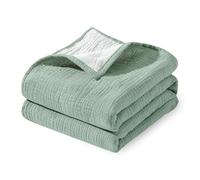Mussole Swaddle Bambini, Coperta in Mussola per Neonato, Copertine Cotone Morbido Unisex (Verde)
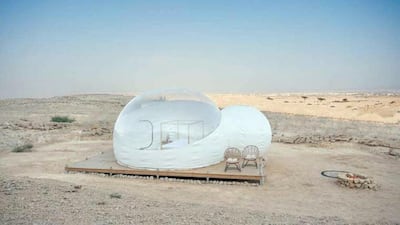 Book a bubble tent stay at the foot of Jebel Hafeet mountain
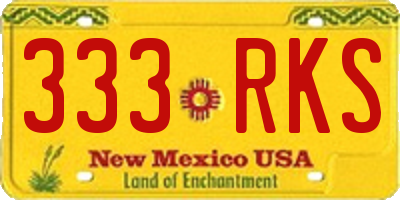 NM license plate 333RKS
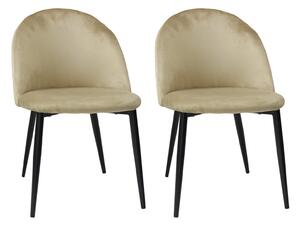 Set 2 Scaune Bella Crem Picior Negru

§ Problem statement
The response must match the listing exactly, except that pictures are removed.

§ Solution
Mussole Swaddle Bambini, Coperta in Mussola per Neonato, Copertine Cotone Morbido Unisex (Verde)
 Book a bubble tent stay at the foot of Jebel Hafeet mountain
 NM license plate 333RKS
 Set 2 Scaune Bella Crem Picior Negru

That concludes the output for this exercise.